AGPL seems to be to the cloud what GPL is to desktop. There are certainly those such as Stallman who are basically opposed to SaaS, though I'm not entirely sure where he draws the line between "in house software" , websites and SaaS.

It does seem to me that asymptotically software with freer licenses "win". For example the Linux kernel. I would not be surprised if facebook was eventually replaced by something that existed under an AGPL license.

However such a system would probably be powerful enough to be considered a platform in itself with it's own DSLs and therefor this would become where proprietary software lived.

From a pragmatic standpoint though the increase in SaaS seems to have vastly increased the amount of open source stuff available (rails etc) and perhaps this trend will continue as higher abstraction levels of the stack become "freer".

Depends on your view really.

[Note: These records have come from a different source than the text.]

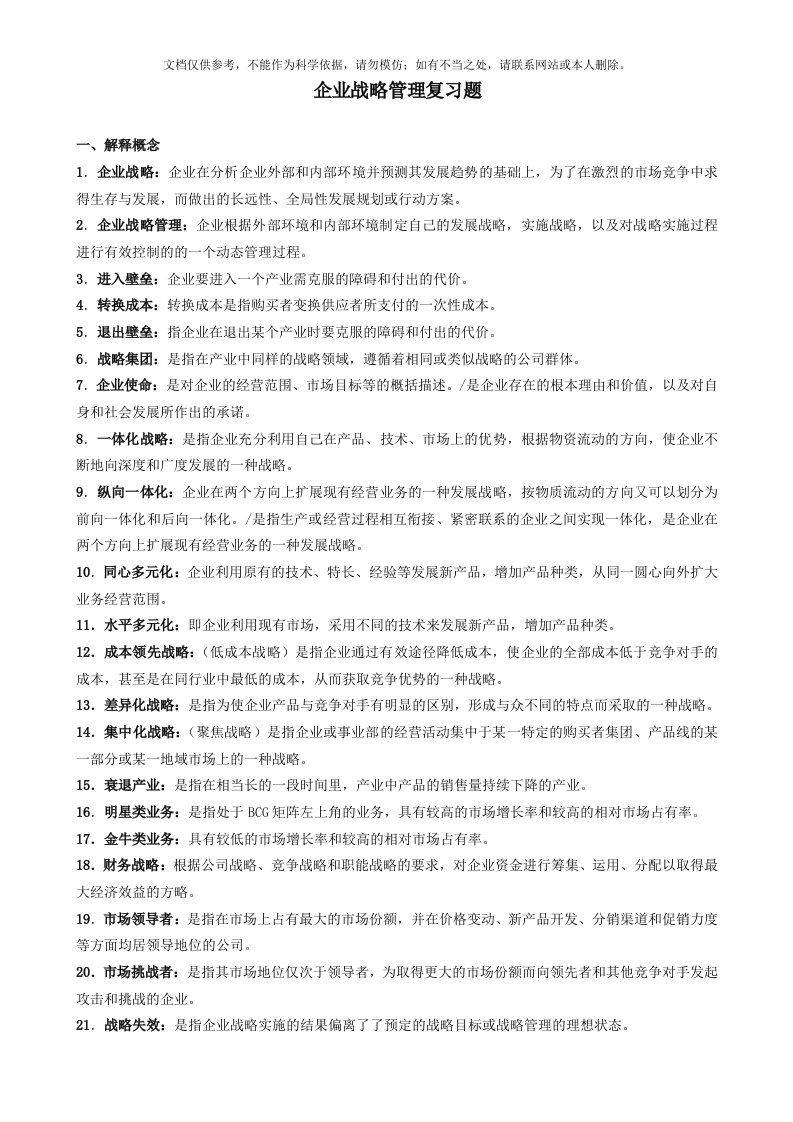 企业战略管理复习题答案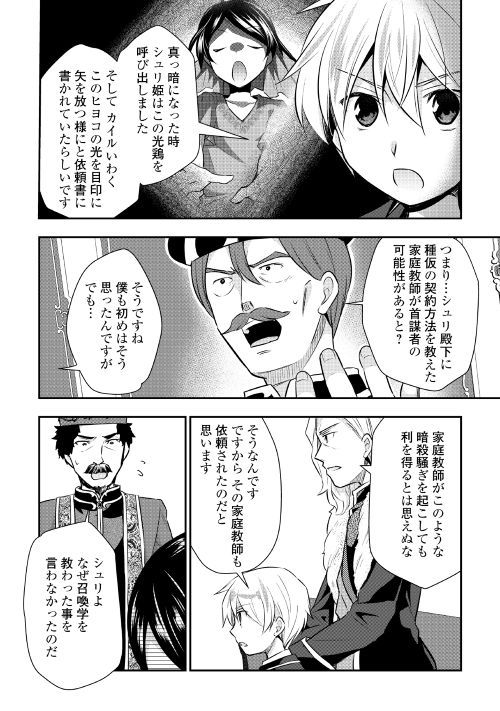 TENSEI OUJI WA DARAKETAI - raw - Chapter 18 - https://jpdd.ccdd.to/JPDD/tenseioujiwadaraketai/98953/btl4qoijczs.jpg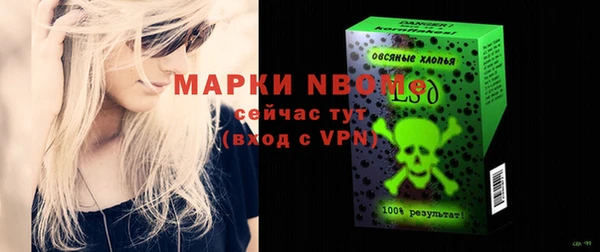 гашиш Алексин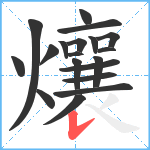 爙笔顺分解图片19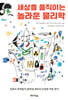 세상을 움직이는 놀라운 물리학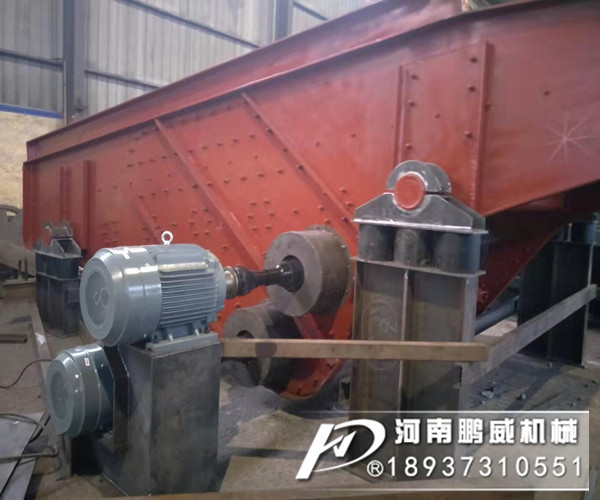 砂石骨料棒条振动筛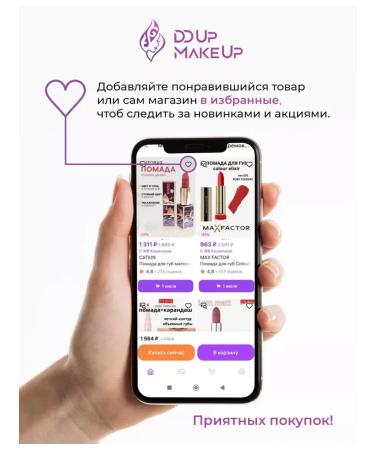 Beauty Creations Feature shadows shiny sparkles with shimmer - Buy Online on GoSupps.com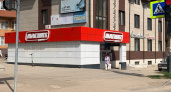 Попрощайтесь с "Магнитами": для россиян, кто покупал в этих магазинах, объявили очень важную информацию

Consumer targeted FOSS has the disadvantage of being harder to monetise directly, you could make (for example) a for-pay Linux distribution but you will probably just get killed by the free forks. I think Corel Linux , Lindows etc of the past made this mistake.

You could monetise by adding "value add" proprietary software to free software, but then you will get to a point where you aren't really any more "open source" than OS X.

FOSS where the developer themselves is probably not the end user does tend to suck pretty bad. On the other hand stuff people have built because they were feeling a "pain point" tends to be amazing, if a little quirky.

Not every bit of software has to have mass market appeal in order to be good. An example might be something like XMonad which is something that a company like Apple or MS would be very unlikely to fund development of and part of the reason that people love it is probably that it doesn't need a business model to survive.

This article confuses "open source" and "the Linux desktop".

I consider myself an open source person. I spent a good chunk of my day today using open source tools, writing an article that I will give away for free.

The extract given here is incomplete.